# Place to buy a PC...



## bill5 (Jul 10, 2021)

There was a place someone mentioned to me a few years back but forget the name. It wasn't one of the below. Anyone? 

So far to my surprise Best Buy has the best deal. Just looking for a low-end, like 8GB i3 or i5 kinda thing. I want new, not used or "refurbished." I have checked:

- New Egg
- Tiger Direct
- Amazon
- Wal-mart
- Overstock


----------



## Richard- (Jul 10, 2021)

Not sure what you're wanting to do/achieve but having built numerous PCs for studio use, I would at the very least suggest you source a reputable computer store rather than most of above, if not all.

I would not go with an i3, either. At least i5 plus 16 gigs RAM min. The Intel i5 10600K (what I use on one of my PCs) is quite a performer= Very good single core performance too, very important for audio.

Richard


----------



## bill5 (Jul 10, 2021)

? I'm wanting to buy a PC. 

A "reputable computer store" will cost a fair bit more than those above but thx. I think they're reputable enough.


----------



## MarcusD (Jul 11, 2021)

If you’re in the UK.. Scan.co.uk are very good and build machines spesificly for pro Audio & video.


----------



## bill5 (Jul 11, 2021)

Nope the states - thanks though!


----------



## Tim_Wells (Jul 13, 2021)

EDIT #2 - see post below.

I just bought a Custom Builder PC from Newegg. Overall, I have been happy. Note that I'm still in the process of migrating/re-installing everything from my old PC to the new one. (OMG - what a big ass job that is!)

Pros:
- I'm very happy with the build quality and the way it was shipped!
- The price seems far less than many other custom builders. $99 + parts.
- A good selection components. (Although there are some limitations. See below).
- They're the only builder I found that had Fractal and other quiet cases at a reasonable price.
- Responsive and friendly customer service.

Cons (minor):
- Website was finicky for me. I had to get customer service to complete my order.
- No special requests. You get what you get. No options for leaving comments or a note with your order. Even customer service can't pass special instructions.
- You're limited to the parts they have in stock at their CA branch. Be sure to select "Need Assembly Service" to see what's available. Also, parts come in and out of stock, so you might have to wait.
- They partitioned my C drive in a way that I did not want. I had to figure out how to un-partition it and recapture the unallocated space (fun stuff!).
- Obviously, you're still going to have to tweak the PC for audio yourself.

Would I buy from Newegg Custom Builder PC again? Absolutely! I'll update once I get this monster finished.

EDIT: Apologies! I didn't read the original post properly. Thought you were looking for a custom build.


----------



## allen-garvey (Jul 13, 2021)

If you're near a Micro Center I would highly recommend them.
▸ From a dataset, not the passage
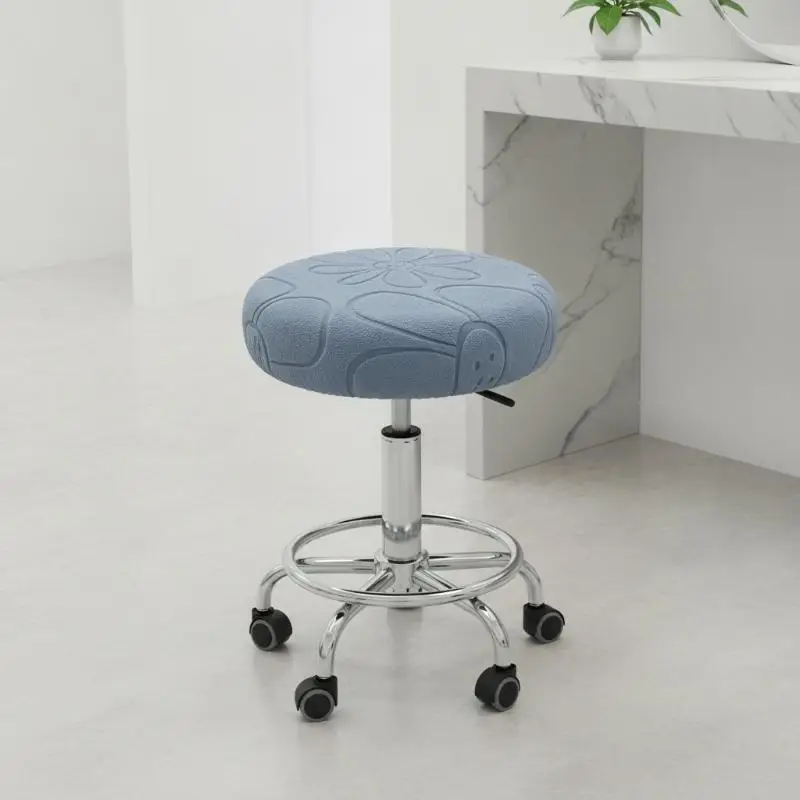 Dustproof Round Bar Stool Cover Elastic Thickened Stretch Chair Slipcover 1Pcs Washable Soft for Kitchen Home Decor
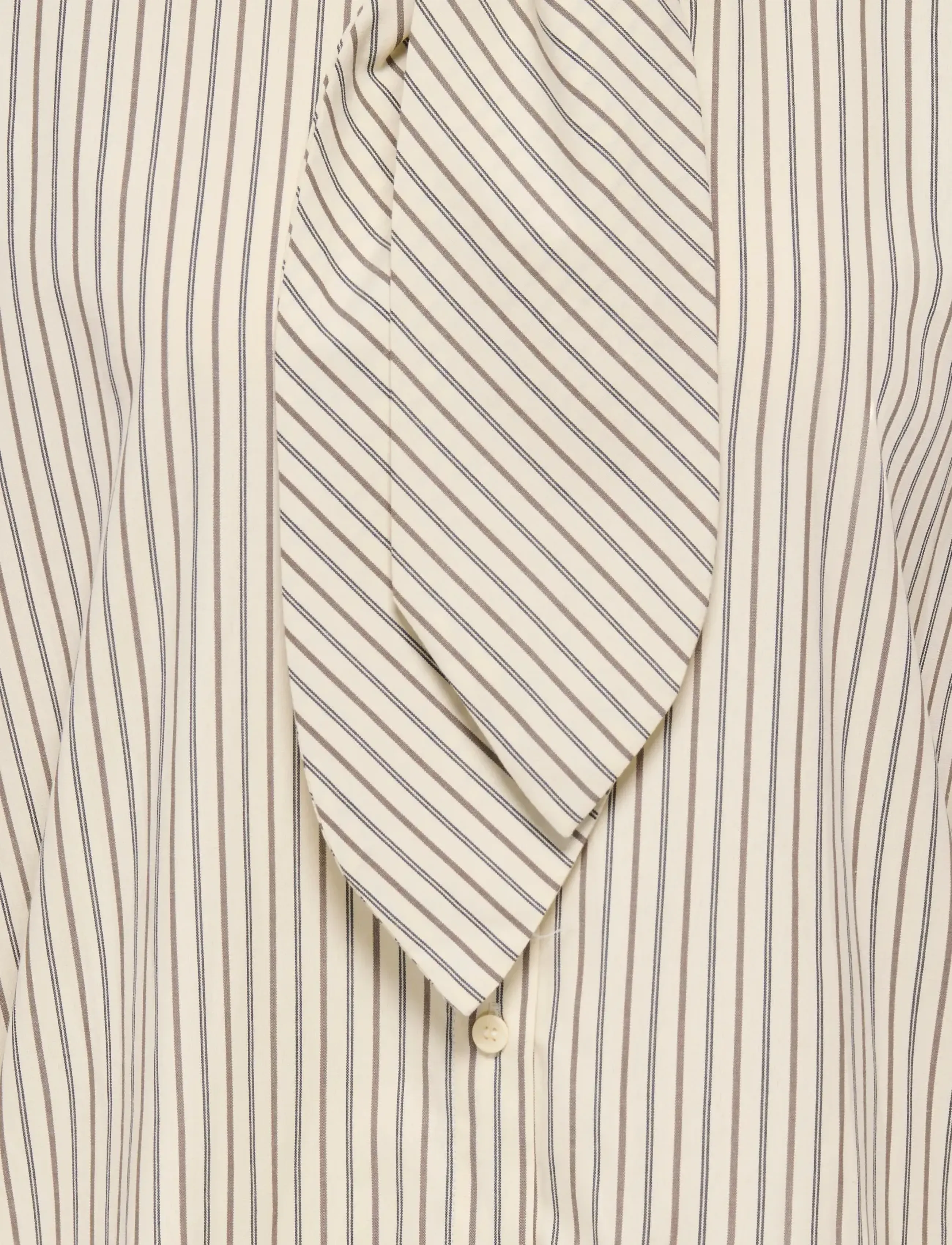 JDY - JDYVILDA L/S SCARF SHIRT WVN NOOS - langärmlige hemden - eggnog - 2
I've bought my last 2 PCs from there as open-box deals, got a great price and they ran great.


----------



## cygnusdei (Jul 13, 2021)

Why not Dell? I think I have had 4 Dell desktops and every single one of them worked like it did on day one until I sold/gave them away.


----------



## bill5 (Jul 13, 2021)

Thanks all for the replies. To my own surprise, I ended up finding what I wanted at Best Buy, lol. Far from top end but I wanted to keep costs down. And it's still a respectable machine. Not like I'm doing 800 track songs.


----------



## kgdrum (Jul 13, 2021)

allen-garvey said:


> If you're near a Micro Center I would highly recommend them. I've bought my last 2 PCs from there as open-box deals, got a great price and they ran great.
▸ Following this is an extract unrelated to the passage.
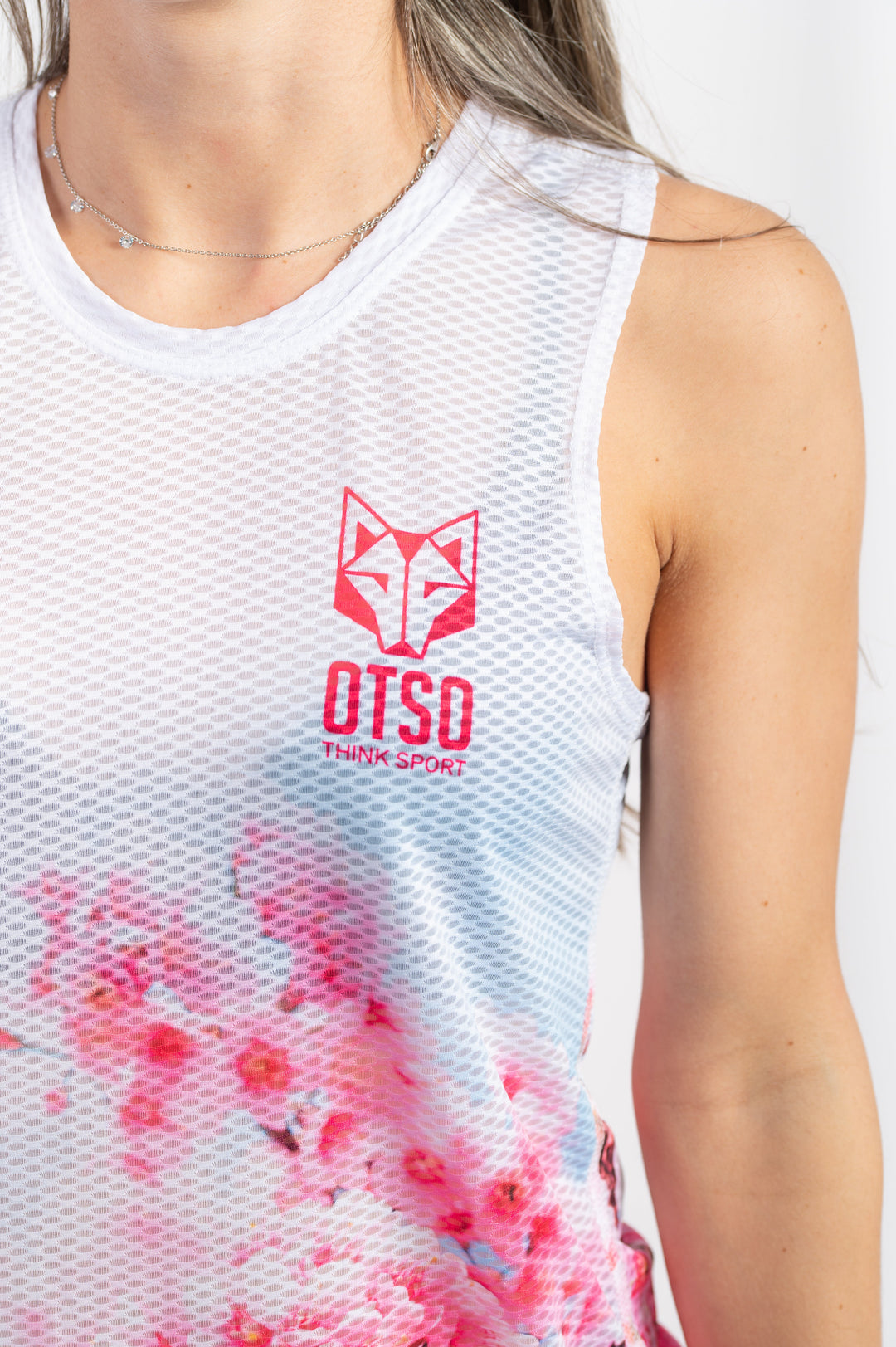 WOMEN'S SINGLET ALMOND BLOSSOM(レディース ノースリーブシャツ アーモンドブロッサム)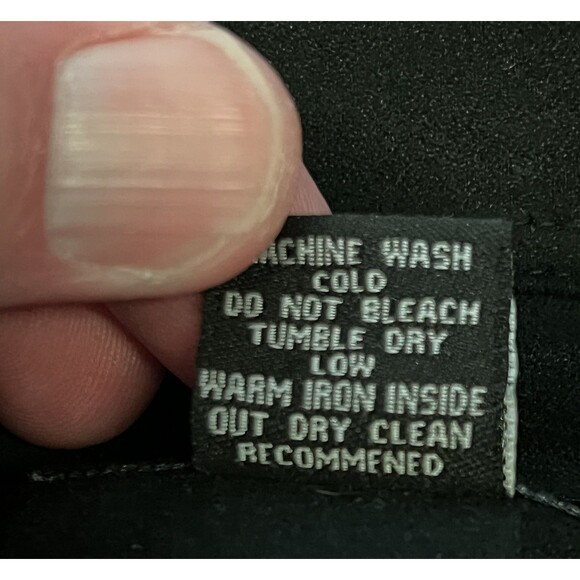 Trust Shirt Mens 3XL Black Button Up Dress Long Sleeve Textured Polyester Casual - Picture 5 of 5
Although I’m a Mac-user and I don’t use Windows,I totally concur Microcenter is a wonderful store for recently discontinued & open box computers.
I purchased my last two Macs from them.
In 2013 I got a brand new Mac Pro (2012)5,1 (4 core 2.8 with 8gig) for $1,300 which is the 12 core I’m presently using(it’s now 12 core 3.46 with 96gig).
I also bought another at the time recently discontinued 15” MBP (9,1 8 gig) I think for $899.
Both are still going strong 💪 
One bit of info for people that like deals on Apple products (I think this still stands true).
From my understanding Microcenter is the only authorized brick and mortar store that handles Apple’s clearance and discontinued models.Everything I have purchased came with a full warranty,I was able to purchase Apple Care etc…..Microcenter is not well known but for me it’s been a wonderful store. Here in NYC I have 3 nearby locations of MC stores. So when I’m looking for something I will go online and see what each location has on clearance until I hopefully find what I’m looking for.
I ❤️ Microcenter


----------



## SlHarder (Jul 13, 2021)

kgdrum said:


> totally concur Microcenter is a wonderful store for recently discontinued & open box computers.
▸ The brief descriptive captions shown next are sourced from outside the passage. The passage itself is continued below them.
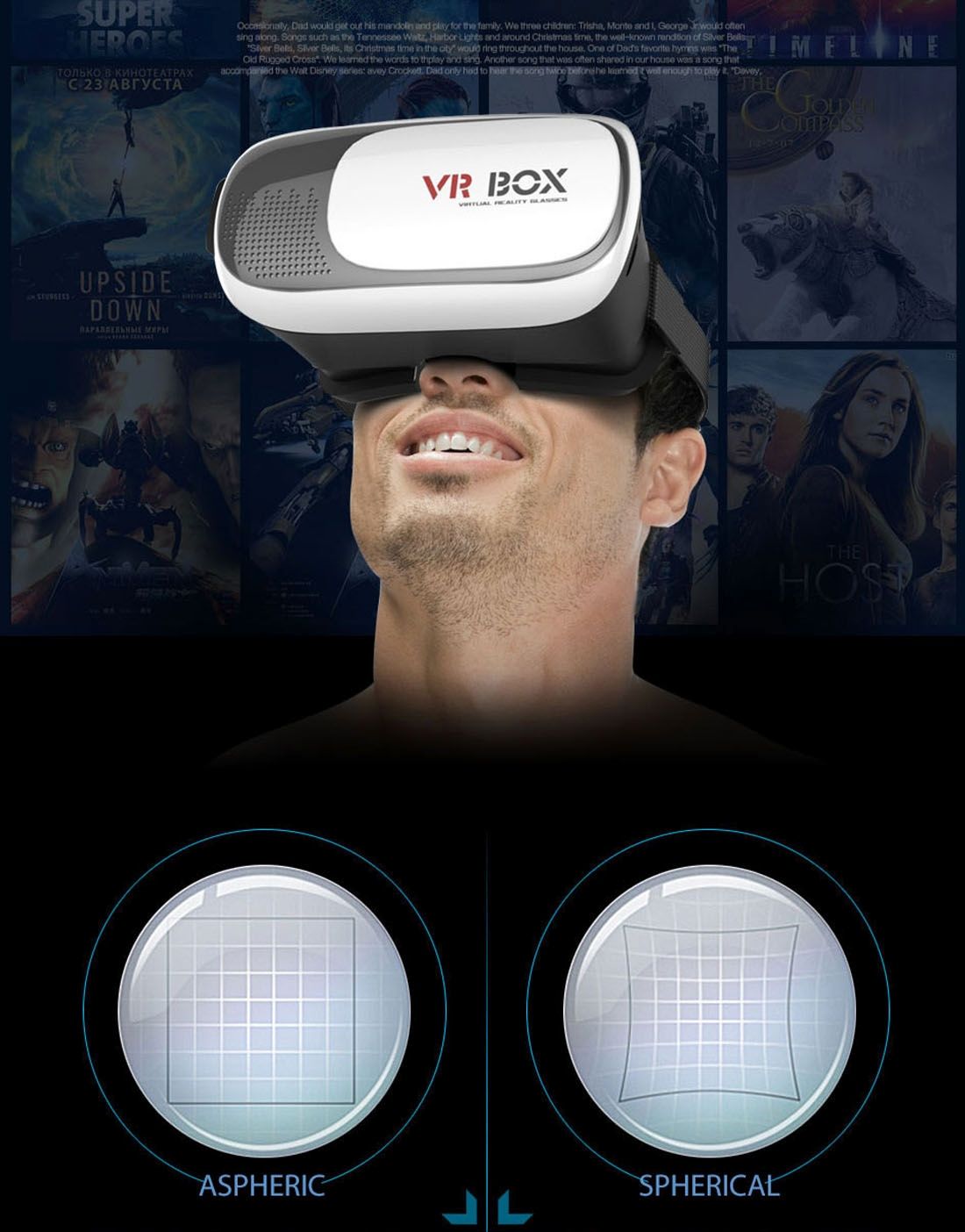 VR BOX/ LENTES DE REALIDAD VIRTUAL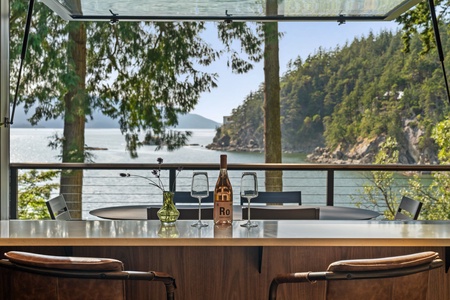 Enjoy a bottle of wine with a view!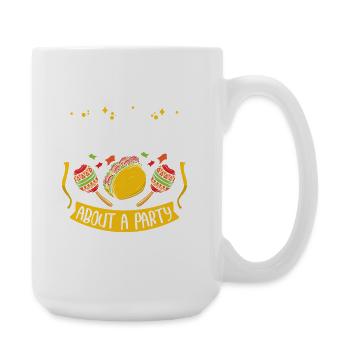 Taco About a Party Tacos - Large Mug 440 ml - white - Right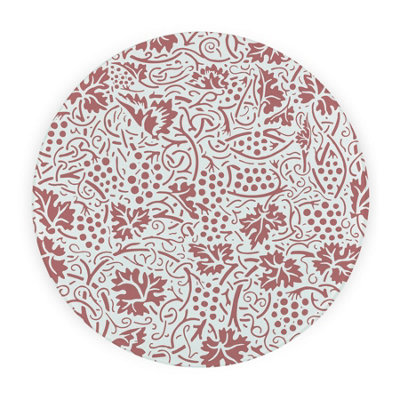 Purely Home Red Oak Leaves & Berries Round Worktop ProtectorTextured Glass Chopping Board from B&Q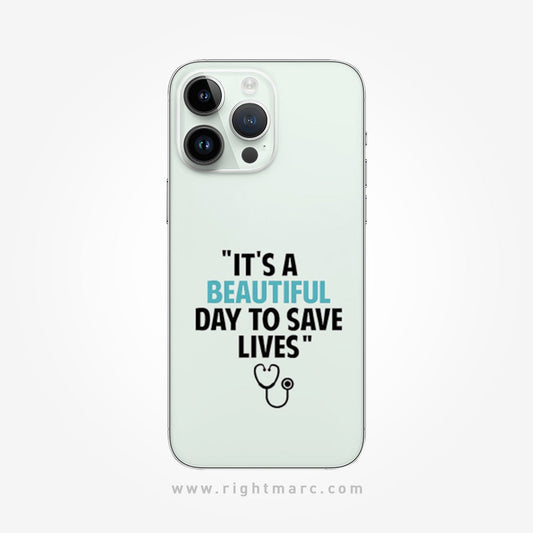 Beautiful Day to Save Lives Mobile Skin Wrap - Right Marc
Microcenter is also very competitive on "new" equipment. Just find a salesperson that you click with and have at it.


----------



## Tim_Wells (Jul 19, 2021)

deleted


----------



## Reid Rosefelt (Jul 19, 2021)

I bought my last computer from Jim Roseberry at Purrrfect Audio. Music computers are his specialty. It was a great experience and I couldn't be more happy. I would definitely go back again.

https://studiocat.com/opencart2/index.php?route=common/home


----------



## Tim_Wells (Jul 19, 2021)

TigerTheFrog said:


> I bought my last computer from Jim Roseberry at Purrrfect Audio. Music computers are his specialty. It was a great experience and I couldn't be more happy. I would definitely go back again.
> 
> https://studiocat.com/opencart2/index.php?route=common/home


I know Jim. No doubt he does brilliant work. I was trying to get by on the cheap (as always).


----------



## Reid Rosefelt (Jul 19, 2021)

bill5 said:


> There was a place someone mentioned to me a few years back but forget the name. It wasn't one of the below. Anyone?
> 
> So far to my surprise Best Buy has the best deal. Just looking for a low-end, like 8GB i3 or i5 kinda thing. I want new, not used or "refurbished." I have checked:
> 
> ...


In the past, I bought standard PCs from places like HP and Dell. They worked fine for music for me. I got a really nice 4K monitor from Dell. I had fast CPUs and video cards was happy with the performance.

But eventually, there were things i wanted to do, like add more SSDs, including NVme ones, and PCIe cards. And there were limitations on RAM. 

It really depends on what you're looking to do long term. If you can see yourself getting into this in a big way, it's nice to have a computer that will allow you to expand. But if you're on a budget, I understand.


----------